O líder do PSD quis saber quais as razões que estiveram na base da recusa de dois nomes propostos para o Conselho de Finanças Públicas. Andou bem porque a legitimidade que os governos têm de decisão, entre estas incluindo, obviamente o direito de recusa, suportados na legislação em vigor, não os exime, de forma nenhuma, da obrigação, constitucional, de prestar contas e justificar os seus atos. É seu dever fazê-lo, perante os portugueses, como é óbvio e, sobretudo, a solicitação dos Deputados de acordo com os preceitos constitucionais. É bom frisar que o Governo responde perante a Assembleia da República. Submete-se ao veredito do coletivo, nas deliberações e propostas, mas tem de se justificar perante cada um dos Deputados, não lhes podendo negar o direito que têm de ser esclarecidos em todas questões que pretenderem. O facto de haver uma maioria de suporte do Executivo garante-lhe, à partida, o apoio e aprovação nas suas ações, mas não o desobriga de esclarecer e explicar os seus atos perante todos e cada um dos representantes populares que se sentam no hemiciclo de S. Bento.
É, infelizmente, muito comum que os que obtêm o mandato para governar entendam que tal os legitima para o executarem a seu bel-prazer e sem disso darem qualquer elucidação quando a propósito e convenientemente interpelados. É uma falta de respeito, um grave erro político e, quase apostava, uma ilegalidade. Tal atitude desqualifica quem a toma e dá autoridade moral a quem se lhe opõe para poder discorrer livremente sobre as eventuais verdadeiras razões para tal escusa. Fica legitimado a levantar suspeições que, de outra forma, poderiam ser sempre olhadas com desconfiança e eventualmente abusivas ou exageradas.

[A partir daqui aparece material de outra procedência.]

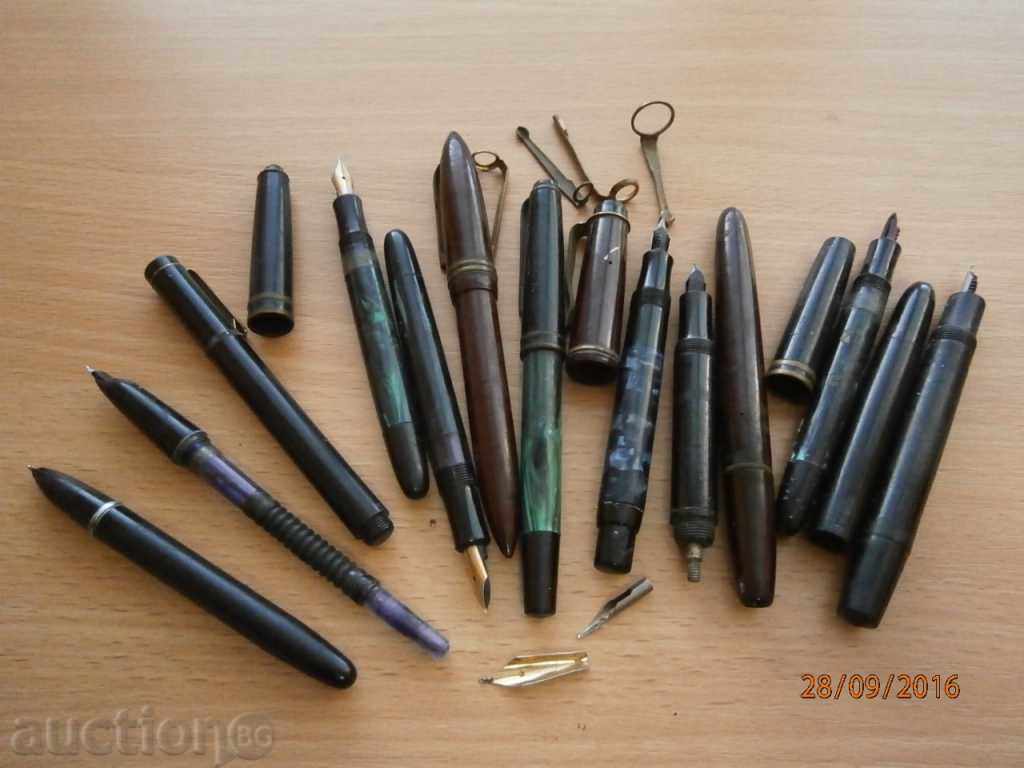 Lot Bakelite Pens for Parts or Restoration with price 45.00 BGN | € 23.01 Lot Bakelite Pens for Parts or Restoration with price 45.00 BGN | € 23.01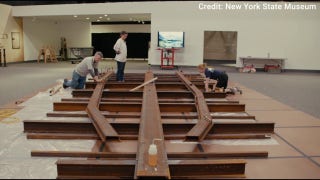 Historians prepare for Revolutionary War-era boat to go on display in Albany
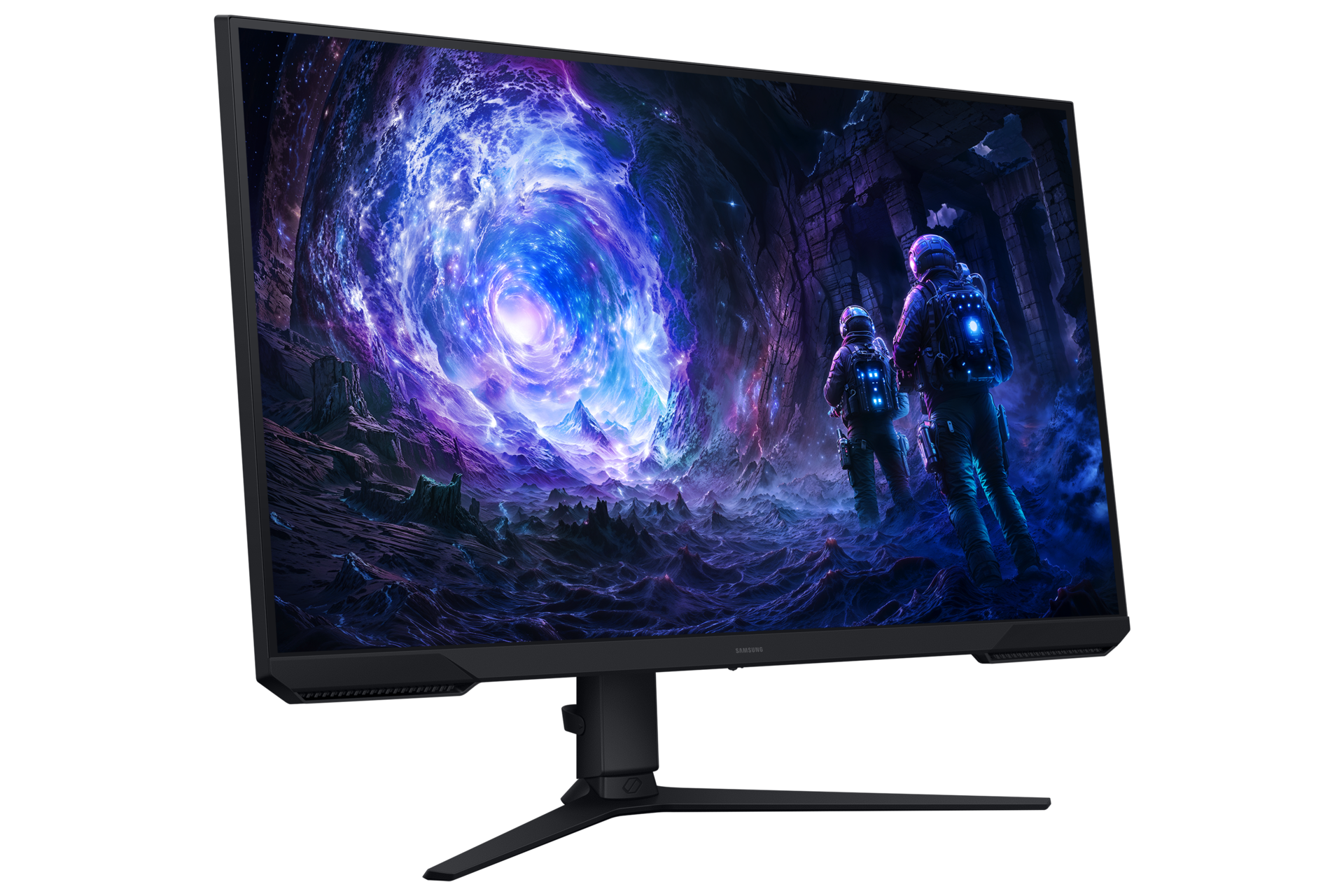 27"/32" Odyssey G5 G51F QHD 180Hz Gaming Monitor L-perspective Black 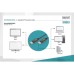 Кабель мультимедийный Display Port to Display Port 15.0m ASSMANN Digitus (AK-340100-150-S)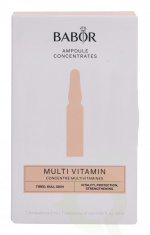 Babor Multi Vitamin Ampoule Concentrates 14 ml 7x2ml - Sliten, kjedelig hud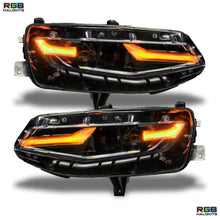 Load image into Gallery viewer, RGB Halo Kits Chevrolet Camaro LS/LT RGBW DRL Boards (2019-2023)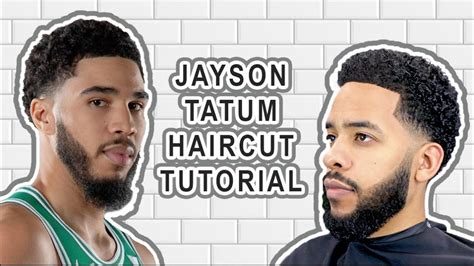 Jayson Tatum Haircut Tutorial 2021 Youtube
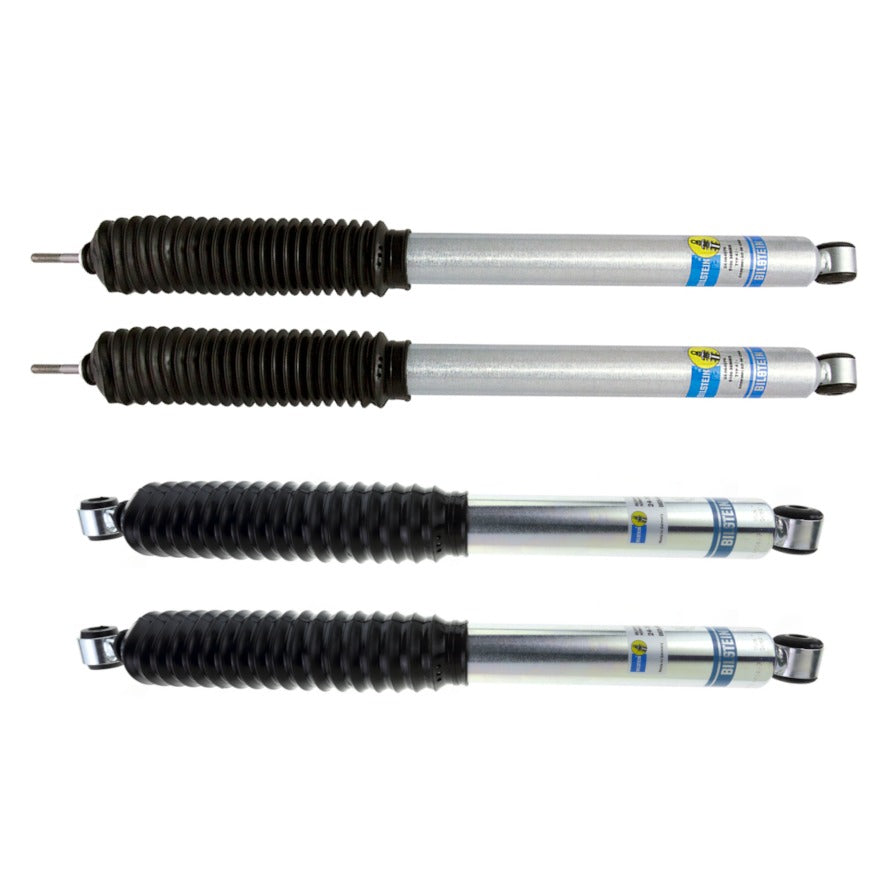 Bilstein B8 5100 Front and Rear Shocks For 3-4" Lifted Jeep Wrangler 24-064576, 24-185660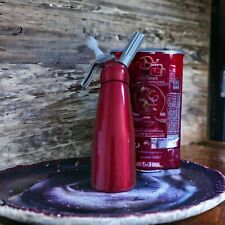 Dispensador de crema batidor sifón para hacer espuma de café postre herramienta de cocina segunda mano  Embacar hacia Argentina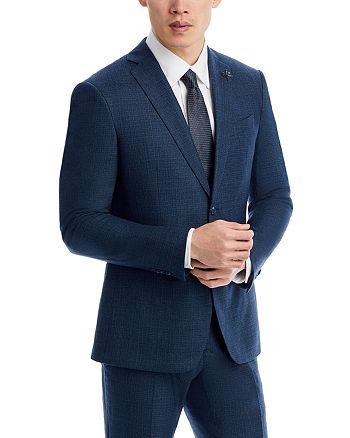 John Varvatos Star USA - Cross Weave Slim Fit Suit Jacket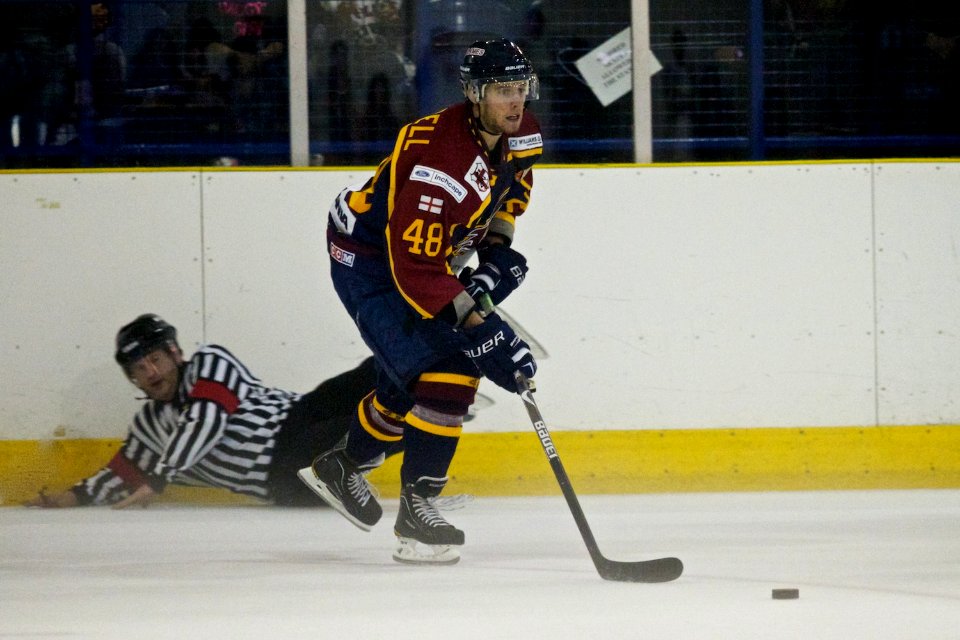 Guildford Flames At Basingstoke Bison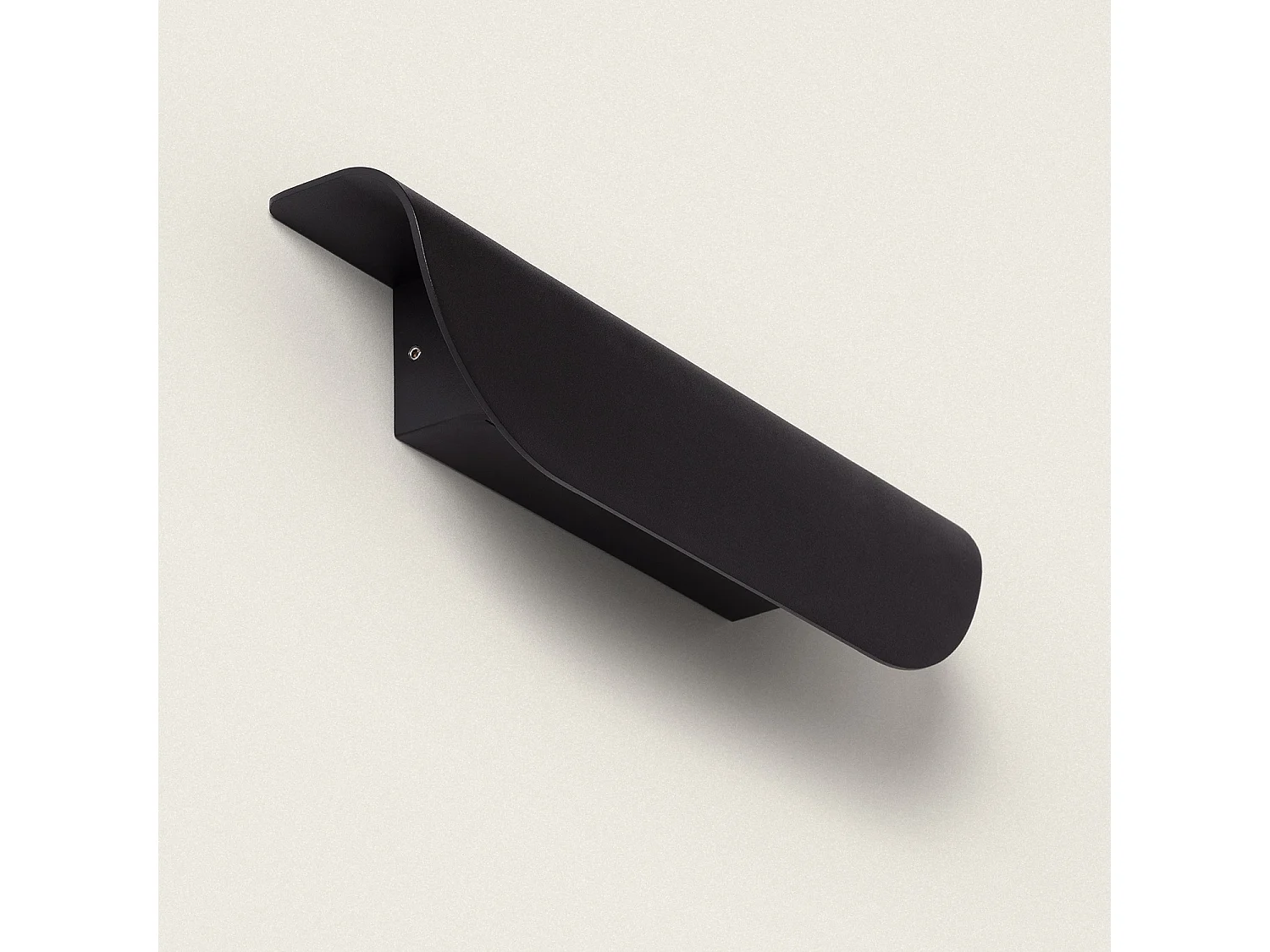 Applique da Parete per Esterni LED 12W Alluminio Agerato Nero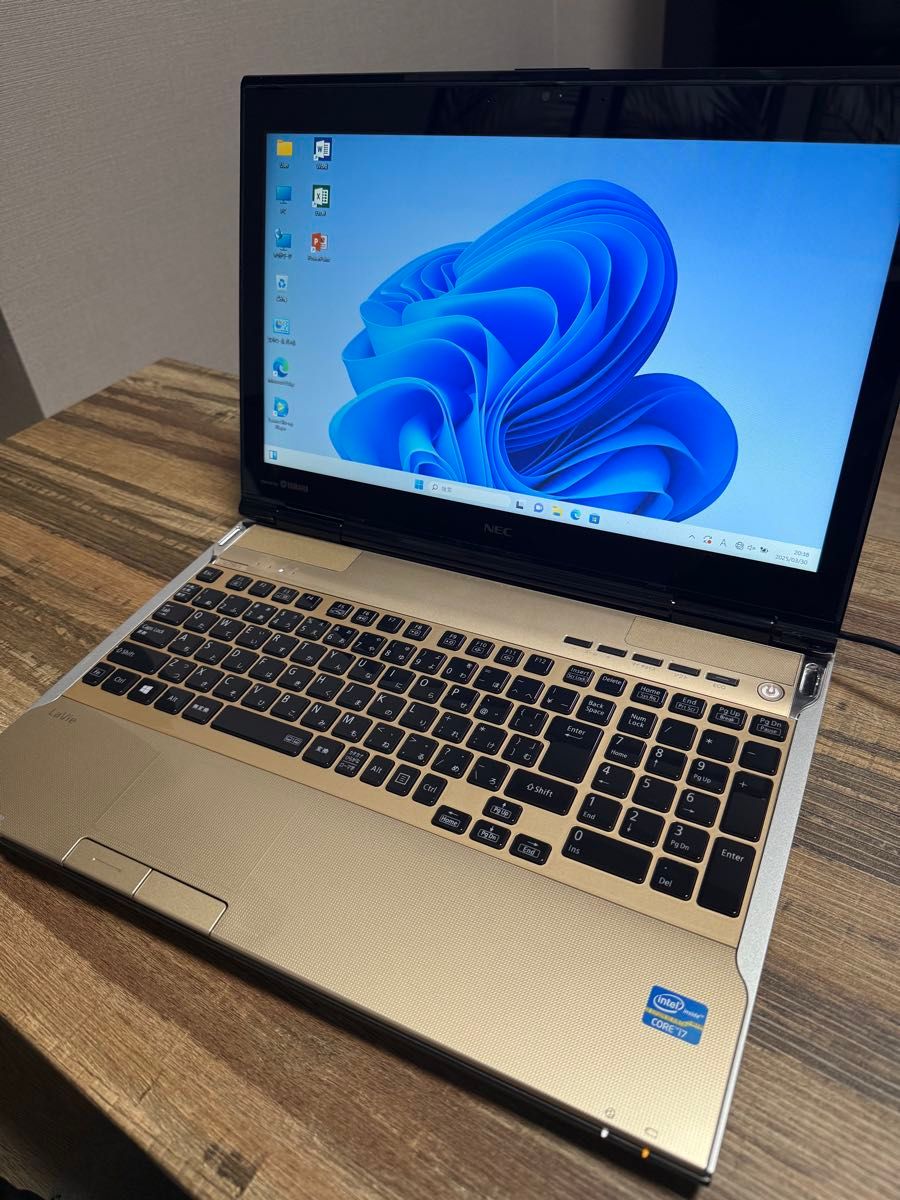NEC LL750/J Windows11 SSD512GB メモリ16GB Core-i7 Office2021 NEC LL750/J Windows11 SSD512GB メモリ16GB Core-i7 Office2021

As eleições legitimam o exercício do poder mas não retiram a todos os outros, oponentes, apoiantes ou simples interessados, o direito constitucional de escrutínio, constante, permanente e completo sobre as ações, por mais legais, lícitas e adequadas que sejam, na ótica de quem as pratica.
Andou bem Passos Coelho.
Andou mal António Costa.
Podia ter sido pior? Podia. O chefe do governo podia ter sido tentado a desresponsabilizar-se, a dizer que nada tinha a ver com a questão, a passar a bola ao seu ministro ou a esconder-se atrás de algum dos seus colaboradores.
Mas esse é um erro que o líder do PS não cometeu e, estou certo, seguramente não cometerá!